ELEM - 2. TANITIM

442 180 73
                                    

ELEM 2. TANITIM (İlk bölümden kesitler)

esra-0211 bu bölümü sana ithaf etmek istedim, keyifli okumalar dilerim.

...

Ve biliyorum ki iki yaralı kalp, sağlam bir kalp eder.

"Çok güzelmiş. Keşke bende onun gibi olabilsem. Hikayeniz ne?"

Kızın dalgınlığını ve çerçevelere bakarken harcadığı zamanı onu tekrar süzerek değerlendirdi. Sorusunu es geçecekti.

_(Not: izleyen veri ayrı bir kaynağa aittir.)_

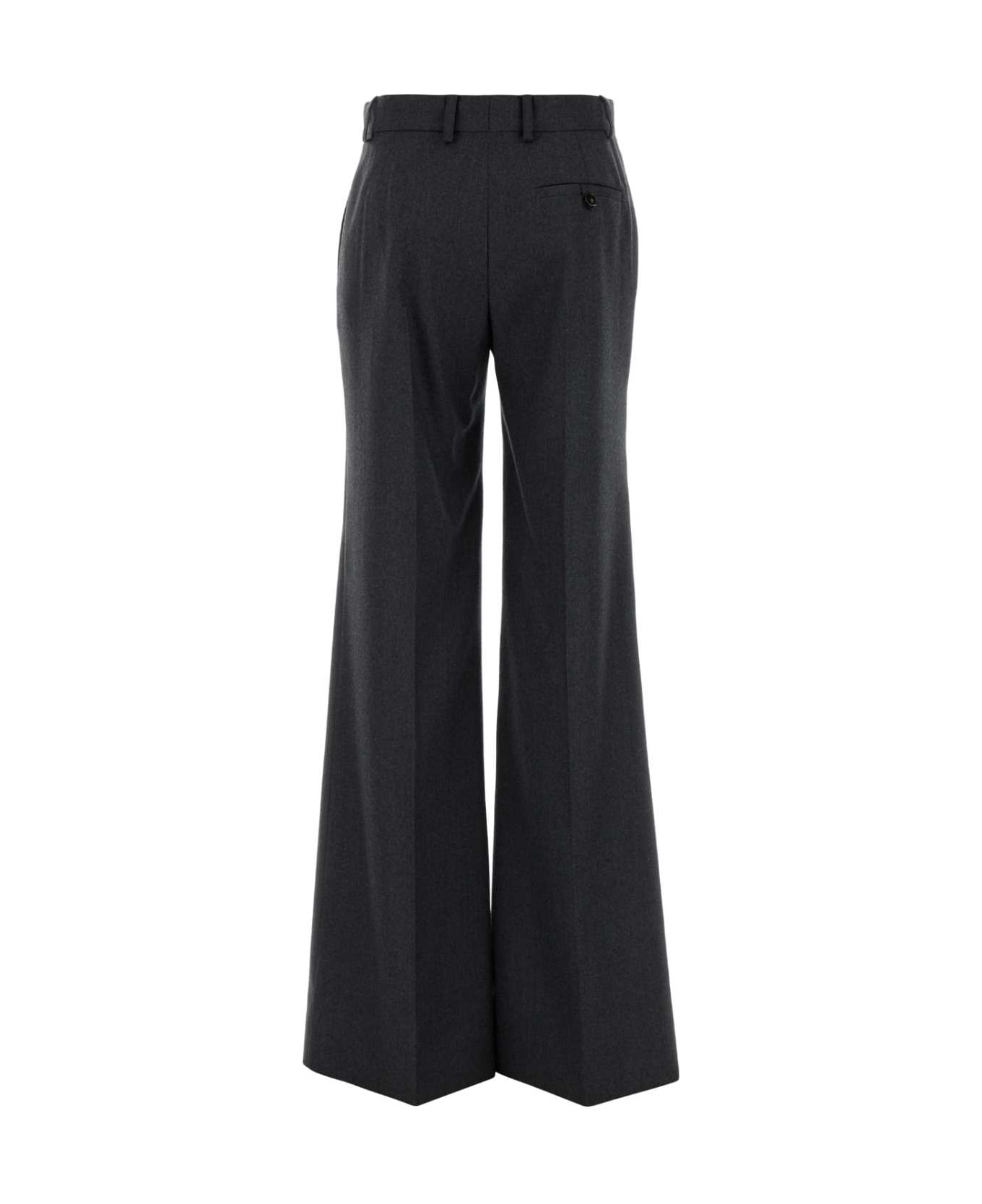 Stella McCartney Charcoal Wool Pant - ASHGREY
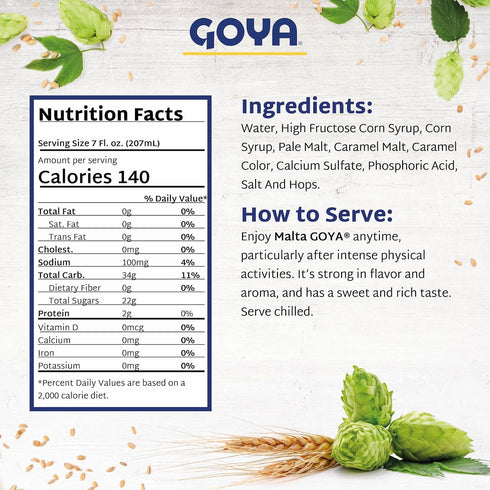 12 oz, 2-Pack Goya Malta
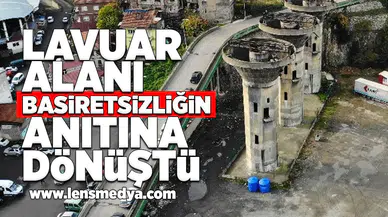 Lavuar alanı basiretsizliğin anıtına dönüştü!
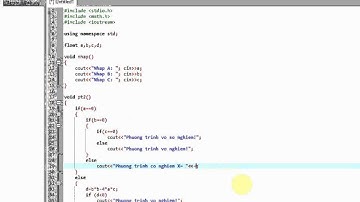 Lập trình C/C++ Giải phương trình bậc hai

İlk önce ince ve uzun bacaklarına baktı, sonra orantılı ve biçimli vücut hatlarına.
Kahverengi saçlarına ve beyaz tenine...

Kusursuzdu.

Ama bu kadında en başından beri dikkatini çeken şey, güzel gözleri değil miydi? Gözleri, bedenin tüm güzelliğini gölgede bırakabilecek kadar çok şey anlatıyordu ona.

Tutkulu bakıyordu, merhametli bakıyordu, kırılmış bakıyordu, umutlu bakıyordu, gururlu bakıyordu...

Kendini güzel bulmayışından rahatsızlık duydu, her kadın güzeldi. Ve artık, Ahu'nun güzelliğinin yalnızca görüldüğü kadarıyla sınırlı olmadığını da biliyordu. Gözlerinin ardında, sevilmeye değer daha çok şey vardı. Kendine böyle haksızlık edemezdi.

"Sen çok güzelsin."

...

Hengamenin içinden kaybolmaktan korkan Ahu, antredeki ahşap dolabın yanında, kendisini göremeyecekleri bir açıya sığındı. Söz geçiremediği ve adlandıramadığı duygusu ve yakalanma ihtimalinin verdiği korkusu, gördüğü suratı anımsamakta zorluk çekmesine neden oldu.

"Bahar, konuşmak istemiyorum. Defol!"

Bahar, bahar, bahar...
Sonunda hatırlamıştı. Bu kadın, dün dakikalarca fotoğraflarına baktığı ve güzelliğinin verdiği gücüne imrendiği kadındı. Gördüğü fotoğraflardan çok daha dikkat çekici olduğunu düşündüğü kadının fısıltılarına kulak kabarttı, fakat bu mesafeden ve duyduğu bir kaç kelimeden anlam çıkarması mümkün değildi.

O bunları düşüne dururken, kadın Birkan'ı omuzlarından çekip dudaklarını dudaklarıyla örttü. Birkan ise kadının tutkusuna kayıtsız kalamadı, belinden kavrayıp kapıyı kapattı. Dudakları birbirlerine karışırken sertçe kapıya yasladığı kadının, elindeki portföy çantası yere düştü. Şimdi elleri, adamın boynunu okşuyordu.

Ahu, böyle bir manzaranın ortasına düştüğü için kendine kızıyor, şahit olduğu için utanıyordu. Dün gece aynı kapının arkasında bu adamı yanağından öptüğü hatırladı. Neler olup bittiğini tartmasına fırsat bile vermeyen hapşırma hissini frenleyemedi. Şimdi, beş saniye öncesine kadar şehvetle öpüşen çiftin keskin bakışları üzerindeydi.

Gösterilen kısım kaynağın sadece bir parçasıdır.